* **Collected data**
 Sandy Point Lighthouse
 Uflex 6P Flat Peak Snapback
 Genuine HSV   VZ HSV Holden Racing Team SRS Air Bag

* **Description of the task**
Repeat the whole listing exactly. Leave nothing out.

* **Response to this task**
 Sandy Point Lighthouse
 Uflex 6P Flat Peak Snapback
 Genuine HSV   VZ HSV Holden Racing Team SRS Air Bag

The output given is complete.